*SOURCE INFORMATION*:
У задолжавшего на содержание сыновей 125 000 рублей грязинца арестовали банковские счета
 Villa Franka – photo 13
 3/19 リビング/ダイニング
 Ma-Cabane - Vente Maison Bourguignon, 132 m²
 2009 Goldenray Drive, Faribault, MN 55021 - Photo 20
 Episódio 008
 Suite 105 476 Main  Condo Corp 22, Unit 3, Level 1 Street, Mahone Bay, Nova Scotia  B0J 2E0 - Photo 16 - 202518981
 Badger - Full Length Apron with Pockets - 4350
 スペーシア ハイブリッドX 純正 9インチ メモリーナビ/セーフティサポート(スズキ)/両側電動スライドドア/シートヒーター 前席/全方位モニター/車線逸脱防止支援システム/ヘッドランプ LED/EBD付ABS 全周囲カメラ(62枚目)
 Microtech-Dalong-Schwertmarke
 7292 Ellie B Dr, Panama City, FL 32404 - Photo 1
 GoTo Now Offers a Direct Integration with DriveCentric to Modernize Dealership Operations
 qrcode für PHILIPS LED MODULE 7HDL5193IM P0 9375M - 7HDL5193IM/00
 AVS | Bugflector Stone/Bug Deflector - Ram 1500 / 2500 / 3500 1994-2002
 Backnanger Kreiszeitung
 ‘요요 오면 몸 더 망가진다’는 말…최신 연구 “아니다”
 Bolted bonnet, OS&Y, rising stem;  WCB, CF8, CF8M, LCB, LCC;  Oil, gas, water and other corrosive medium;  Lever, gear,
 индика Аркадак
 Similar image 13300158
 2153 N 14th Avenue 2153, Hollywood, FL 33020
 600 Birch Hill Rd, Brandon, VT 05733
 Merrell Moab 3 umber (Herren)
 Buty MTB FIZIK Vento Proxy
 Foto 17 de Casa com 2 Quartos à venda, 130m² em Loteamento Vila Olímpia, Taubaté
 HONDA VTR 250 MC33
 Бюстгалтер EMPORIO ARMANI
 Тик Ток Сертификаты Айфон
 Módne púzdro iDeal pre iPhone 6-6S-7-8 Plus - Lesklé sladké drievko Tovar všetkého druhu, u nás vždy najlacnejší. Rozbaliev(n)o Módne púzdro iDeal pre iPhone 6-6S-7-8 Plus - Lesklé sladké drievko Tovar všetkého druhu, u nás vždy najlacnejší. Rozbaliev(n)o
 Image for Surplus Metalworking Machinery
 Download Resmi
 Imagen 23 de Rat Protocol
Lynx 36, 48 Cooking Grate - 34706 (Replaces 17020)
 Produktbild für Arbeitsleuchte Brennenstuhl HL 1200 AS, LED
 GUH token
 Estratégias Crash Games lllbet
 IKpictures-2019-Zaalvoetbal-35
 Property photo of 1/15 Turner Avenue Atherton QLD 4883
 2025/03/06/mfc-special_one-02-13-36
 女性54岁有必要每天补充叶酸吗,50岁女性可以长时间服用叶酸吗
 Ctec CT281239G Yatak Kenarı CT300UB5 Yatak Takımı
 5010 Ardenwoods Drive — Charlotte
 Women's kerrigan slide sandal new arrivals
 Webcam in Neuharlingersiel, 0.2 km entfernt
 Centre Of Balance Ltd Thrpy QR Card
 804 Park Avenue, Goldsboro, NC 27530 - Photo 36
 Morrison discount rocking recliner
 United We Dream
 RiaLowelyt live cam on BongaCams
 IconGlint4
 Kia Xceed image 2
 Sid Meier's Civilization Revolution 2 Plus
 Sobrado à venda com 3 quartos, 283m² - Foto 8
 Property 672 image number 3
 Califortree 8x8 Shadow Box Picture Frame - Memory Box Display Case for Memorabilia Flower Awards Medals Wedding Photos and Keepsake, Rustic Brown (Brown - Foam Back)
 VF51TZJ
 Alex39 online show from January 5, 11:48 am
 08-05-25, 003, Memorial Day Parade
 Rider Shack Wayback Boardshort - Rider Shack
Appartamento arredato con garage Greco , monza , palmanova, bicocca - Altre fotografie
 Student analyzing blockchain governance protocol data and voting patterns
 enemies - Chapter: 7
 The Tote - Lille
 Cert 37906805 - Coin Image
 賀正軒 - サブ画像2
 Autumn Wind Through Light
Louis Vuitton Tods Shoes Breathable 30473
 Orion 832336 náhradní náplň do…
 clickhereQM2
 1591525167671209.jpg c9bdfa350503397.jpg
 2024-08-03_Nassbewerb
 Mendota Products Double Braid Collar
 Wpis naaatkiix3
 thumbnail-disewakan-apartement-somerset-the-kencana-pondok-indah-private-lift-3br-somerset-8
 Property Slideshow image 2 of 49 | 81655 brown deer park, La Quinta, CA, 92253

*PROBLEM TO WORK ON*: Wherever the word "with" turns up in the records above, copy the line that holds it.

*EXERCISE SOLUTION*:
 Badger - Full Length Apron with Pockets - 4350
 GoTo Now Offers a Direct Integration with DriveCentric to Modernize Dealership Operations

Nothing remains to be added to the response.